Early bird specialists ascribed the distinct physical differences that they observed between individuals of the broad-billed tody to simple variations between males and females of the same species. They corrected their error in the early 1900s, with the exciting discovery of the existence of two distinct species. The new species was the narrow-billed tody, which along with the broad-billed tody, are members of a peculiar bird family of the Greater Antilles, the todids or todies. Only Hispaniola has two species –or perhaps even three, since a genetic study suggested that differences between the narrow-billed tody populations residing north and south of the Neiba Valley/Cul-de-Sac Plain, suffice to separate it into two distinct species. As with other sister species of Hispaniola, this surprising diversity of todies, can be attributed to the island’s wide range of elevations, as well as its peculiar geological origin.
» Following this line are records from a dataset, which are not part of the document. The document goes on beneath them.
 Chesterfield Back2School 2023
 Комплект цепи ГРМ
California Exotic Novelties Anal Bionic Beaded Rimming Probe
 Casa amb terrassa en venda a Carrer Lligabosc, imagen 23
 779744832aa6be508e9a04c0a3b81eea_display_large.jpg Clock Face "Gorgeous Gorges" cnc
First, the high mountains of the island (reaching over 3,000 meters) and complex topography created a range of different and sometimes isolated habitats in which different populations evolved and adapted. Second, the island that we know today as Hispaniola resulted from the union of two major paleoislands roughly 10 million years ago, joining where today we find the Neiba Valley/Cul de Sac Plain, an ancient marine channel that connected the bays of Neiba and Port-au-Prince. Apparently, common ancestors of these birds adapted and evolved separately on each of the paleo-islands, only to be reunited when the landmasses came together long ago.
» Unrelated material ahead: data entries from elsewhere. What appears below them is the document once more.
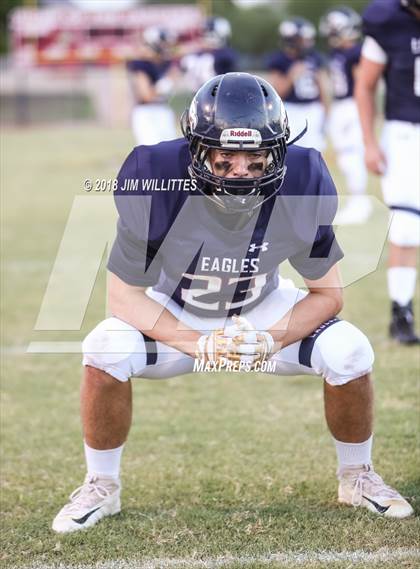 Thumbnail 1 in Williams @ Anthem Prep photogallery.
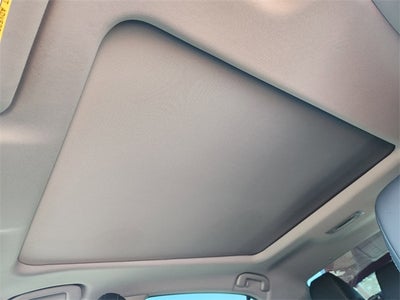 2023 Toyota Camry XSE V6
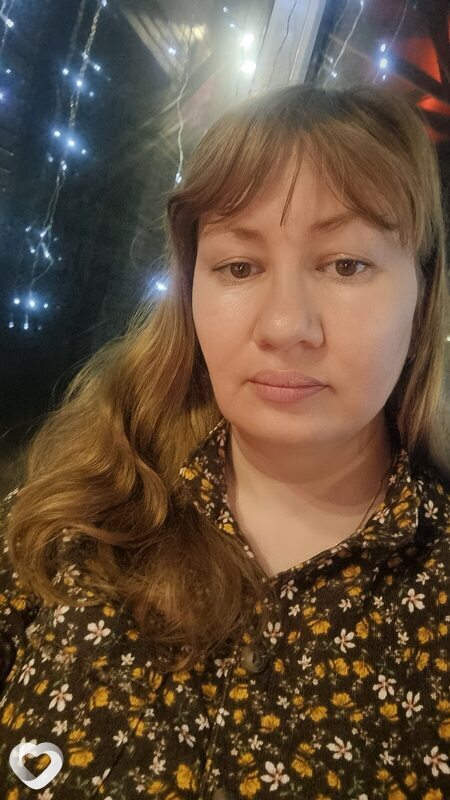 Валентина, 41, Чебоксарах — анкета №2334184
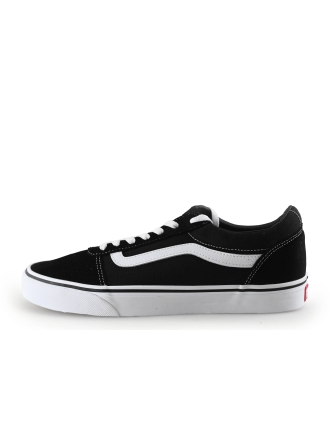 Vans Sneaker Schwarz 311205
Although very similar to the broad-billed tody, close observers can distinguish the narrow- billed tody by its slightly smaller size, its narrower, longer bill, its dusky blue eyes, and the black tip of its lower bill. Also, the narrow-billed tody’s plumage is generally brighter, its belly is whiter, its flanks are gray– in contrast to the broad-billed tody’s pink sides. Nevertheless, these two todies are most easily and reliably distinguished by voice. Honoring its Spanish name, “chicuí” the narrow-billed tody’s call note is a frequently repeated, 2-part chick-kweee, accented on the second syllable. Another distinction is the narrow-billed tody’s preference for higher altitudes, typically ranging from 900-2,400 meters, but extending up to 3,000 meters.
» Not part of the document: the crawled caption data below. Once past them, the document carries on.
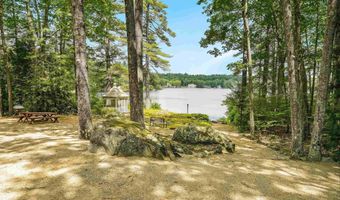 4 Clark Island Rd, Amherst, NH 03031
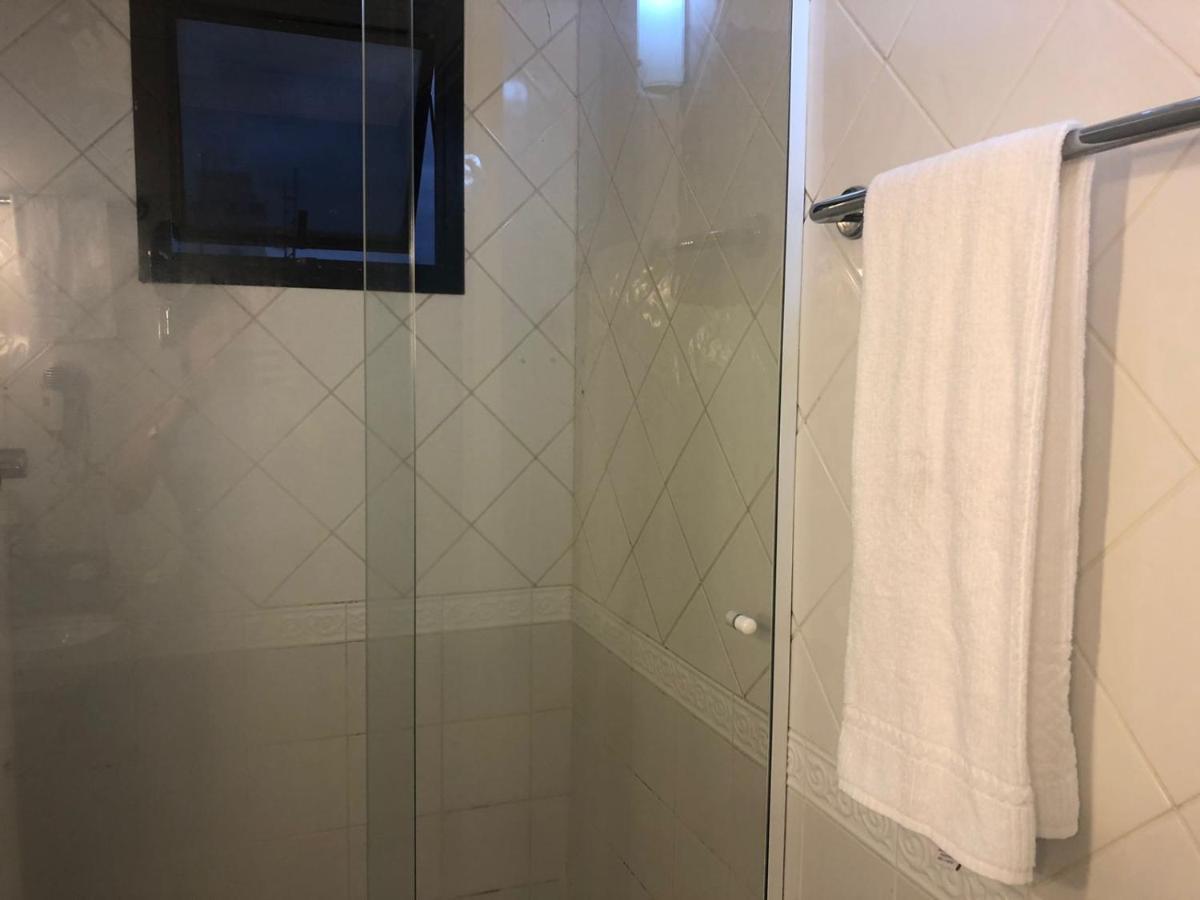 Hotel Apto Privativo Em De Luxo No Ibirapuera Sao Paulo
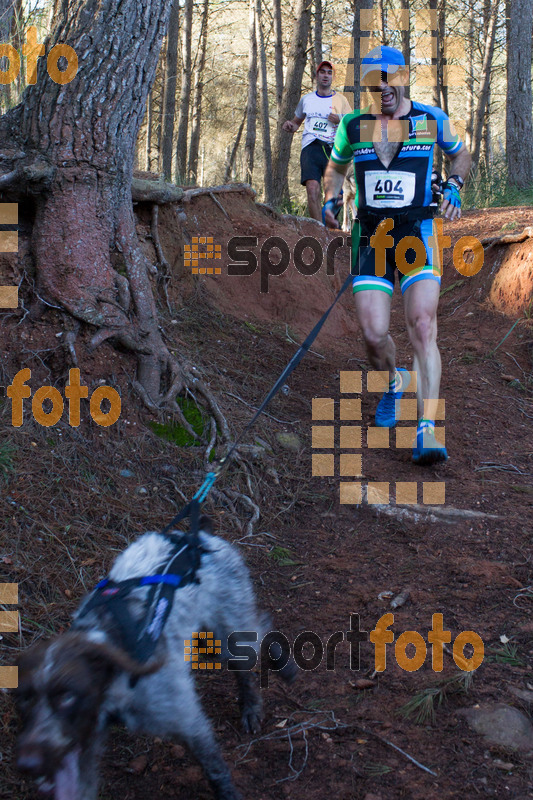 Esport Foto - Esportfoto .CAT - Fotos de II Mitja Marato de Muntanya i Canicross Eramprunyà - Dorsal [404] -   1391364658_BX0C0433.jpg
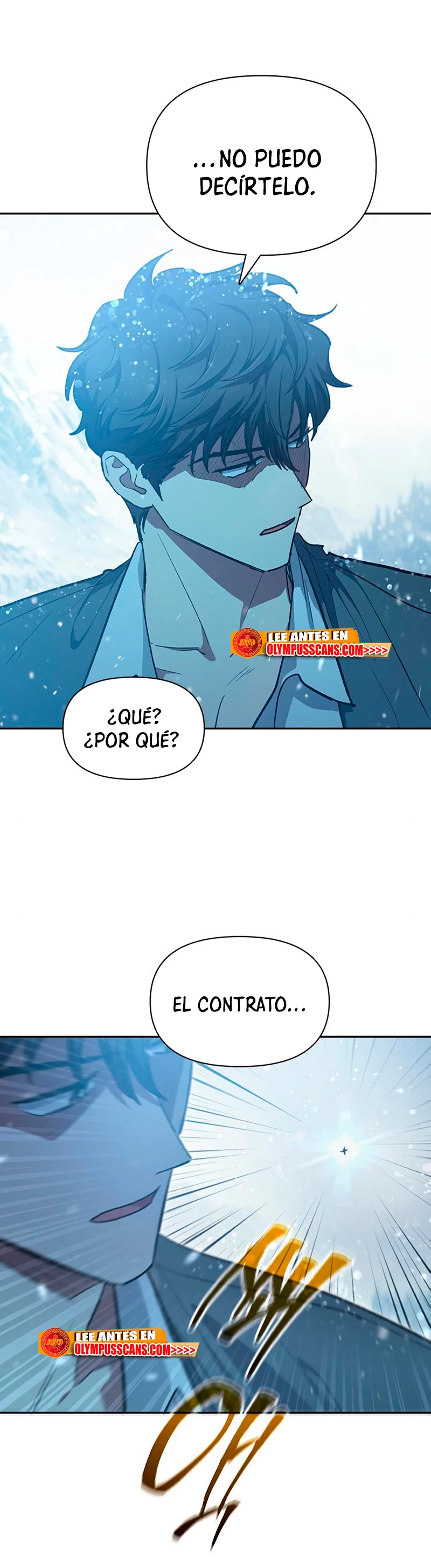 entrenador de clases  > Capitulo 80 > Page 661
“Despite its camouflage, it is a fearless creature.” Anabelle Stockton de Dod
The narrow-billed tody does occur in pine forests and high altitude coffee plantations, but appears to favor humid forests with lush vegetation, bamboo vine and a thick cover of epiphytes of every kind, including mosses, lichens, orchids and Spanish moss. While not particularly shy, it can be even more difficult to see than the broad-billed tody, due to its small size and to the dense vegetation that it favors. A single leaf can hide it completely from view. Like its close relative, the narrow-billed tody is a major insect predator, although it forages even more actively. Like other todies, the narrow-billed tody makes its nests in ravines or earthen banks, excavating the soil with its bill and its feet. They are very attentive parents, with some of the highest chick-feeding rates recorded for any insectivorous bird species. This highlights the tody’s importance in controlling insect pests. It remains a relatively common bird within its range and in appropriate habitat, although its numbers are greatly reduced due to the loss of the humid mountain forests that it prefers.